* EXERCISE DATA *
● ● ●

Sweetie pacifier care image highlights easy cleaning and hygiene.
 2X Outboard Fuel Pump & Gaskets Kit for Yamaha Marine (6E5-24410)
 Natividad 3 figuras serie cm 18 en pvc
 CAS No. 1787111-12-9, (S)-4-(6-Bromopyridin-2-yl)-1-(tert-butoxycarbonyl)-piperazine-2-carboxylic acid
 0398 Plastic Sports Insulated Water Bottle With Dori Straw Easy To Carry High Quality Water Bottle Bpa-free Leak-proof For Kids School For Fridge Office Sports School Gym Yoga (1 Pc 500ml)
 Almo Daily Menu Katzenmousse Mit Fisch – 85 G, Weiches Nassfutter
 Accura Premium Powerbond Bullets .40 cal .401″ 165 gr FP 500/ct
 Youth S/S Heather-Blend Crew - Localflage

● ● ●

* EXERCISE AIM *
Transcribe all of the material above so that it matches the source exactly.

* WRITTEN ANSWER *
Sweetie pacifier care image highlights easy cleaning and hygiene.
 2X Outboard Fuel Pump & Gaskets Kit for Yamaha Marine (6E5-24410)
 Natividad 3 figuras serie cm 18 en pvc
 CAS No. 1787111-12-9, (S)-4-(6-Bromopyridin-2-yl)-1-(tert-butoxycarbonyl)-piperazine-2-carboxylic acid
 0398 Plastic Sports Insulated Water Bottle With Dori Straw Easy To Carry High Quality Water Bottle Bpa-free Leak-proof For Kids School For Fridge Office Sports School Gym Yoga (1 Pc 500ml)
 Almo Daily Menu Katzenmousse Mit Fisch – 85 G, Weiches Nassfutter
 Accura Premium Powerbond Bullets .40 cal .401″ 165 gr FP 500/ct
 Youth S/S Heather-Blend Crew - Localflage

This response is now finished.